◆ WHAT TO DO:
Since the pictures are not wanted, copy only the text of every record exactly.

◆ DATA PROVIDED:
☆ ☆ ☆ ☆ ☆

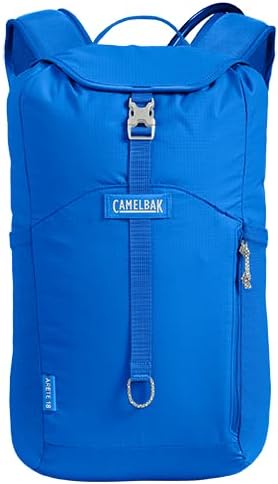 Miniatura 3 de CamelBak Arete 18 Hiking Hydration Backpack 50oz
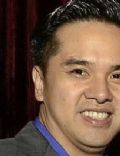 Cedric Lee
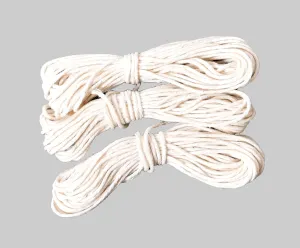 Schacht Cotton Drive Band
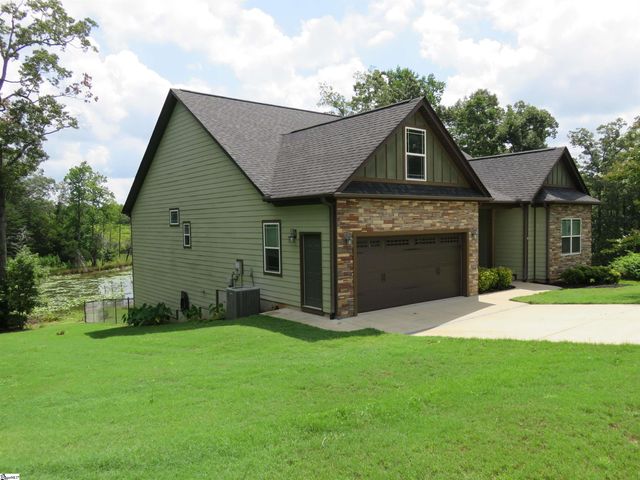 73 Lebanon Court, Greer, SC 29651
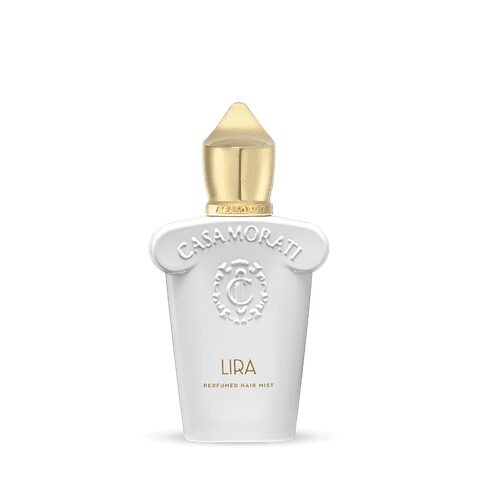 Casamorati Lira Hair Spray EDP 30ml Casamorati Lira Hair Spray EDP 30ml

☆ ☆ ☆ ☆ ☆

◆ TASK RESPONSE:
 Miniatura 3 de CamelBak Arete 18 Hiking Hydration Backpack 50oz
 Cedric Lee
 Schacht Cotton Drive Band
 73 Lebanon Court, Greer, SC 29651
 Casamorati Lira Hair Spray EDP 30ml Casamorati Lira Hair Spray EDP 30ml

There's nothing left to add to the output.